Bruce Springsteen's Big Man

When I was a kid, you didn't see many white and black musicians sharing the glory of an album cover. Clarence Clemons broke all that down.

The saxophonist for Bruce Springsteen (who dubbed him "The Big Man"), died this weekend at age 69, after a severe stroke. Obits will remember his talent and on-stage stamina, along with the trademark saxophone wail that punctuated several of Springsteen's best song.

But I'll always remember that album cover.

It was "Born to Run," Springsteen's breakout hit, released in the summer of 1975. Up until that point, musical frontmen were a segregated lot. Session artists of all races and creed had long populated big pop albums, but when it came to the face on the cover, it was a case of black or white. R&B artists like James Brown displayed hot passion; white rock artists from Led Zepplin to The Eagles projected cool -- and the two sides did not mix.
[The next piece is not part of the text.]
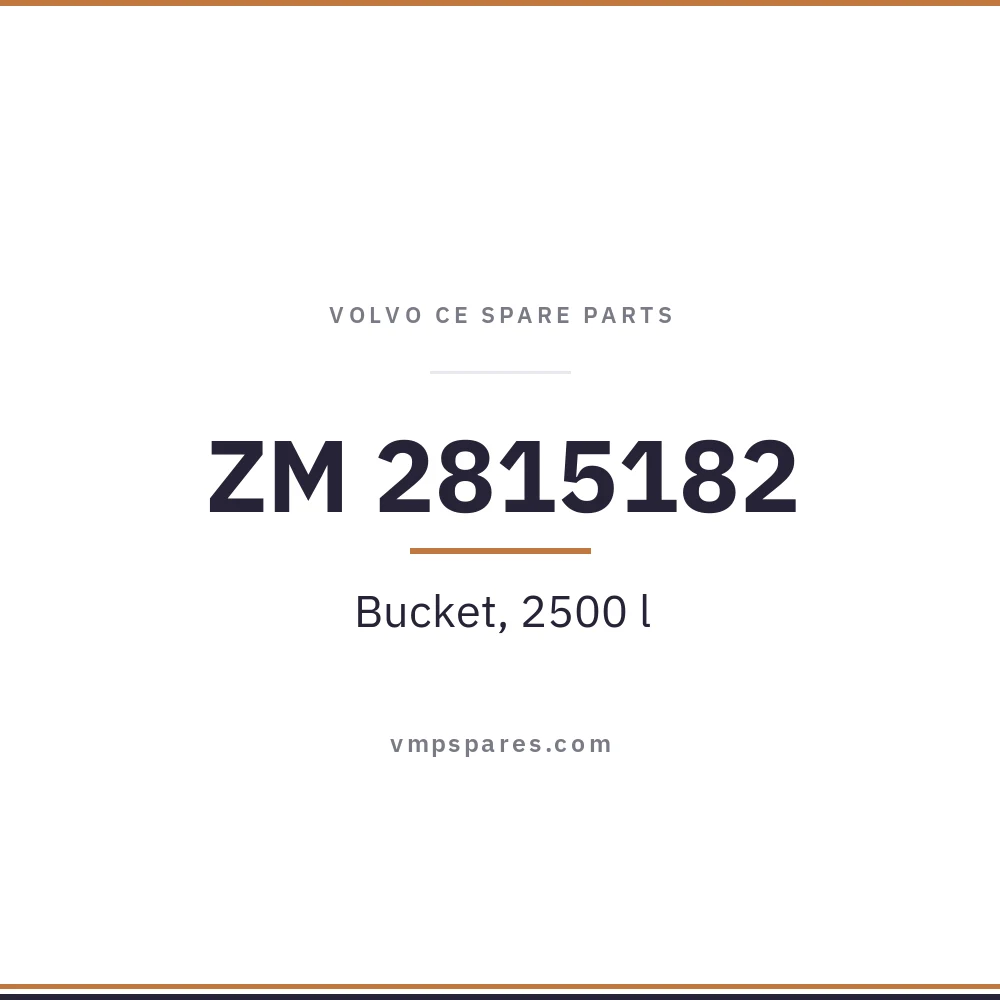 ZM 2815182 – Bucket, 2500 l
In 1975, disco made things even worse (it always did). It started as a largely urban phenomenon, and was the music of the marginalized (blacks, Latinos, gays), until the very white Bee Gees stepped in and took it away. (Try to find a face of color on the album cover for 1977's "Saturday Night Fever." You won't.)

That's why the photo for "Born to Run" was such a stunner in my Bronx neighborhood. There was a skinny, scraggly-bearded white guitar hero named Bruce Springsteen laughing with and leaning against saxophone-toting Clarence Clemons, like they were the best two friends in the world. Which they were.

And Springsteen was no crazy eggheaded radical we boys from the Wakefield section could quickly dismiss. He was from dilapidated Asbury Park, New Jersey, a blue-collar shore town with a demographic very similar to the outer boroughs of New York.

And he was hanging with Clemons like it was no big deal -- just two buddies sharing a moment, happy to be alive and making music.

That cover has become iconic, imitated by other musicians and even by Bert and Ernie on Sesame Street. ("Born To Add.") There's also a book of outtakes from the photo session, by photographer Eric Meola, called "Born to Run: The Unseen Photos."

But few reviews comment on why that shot became so iconic. It's the brotherhood displayed by those two guys, and the unsaid message it sent to an evolving world thirty-six years ago.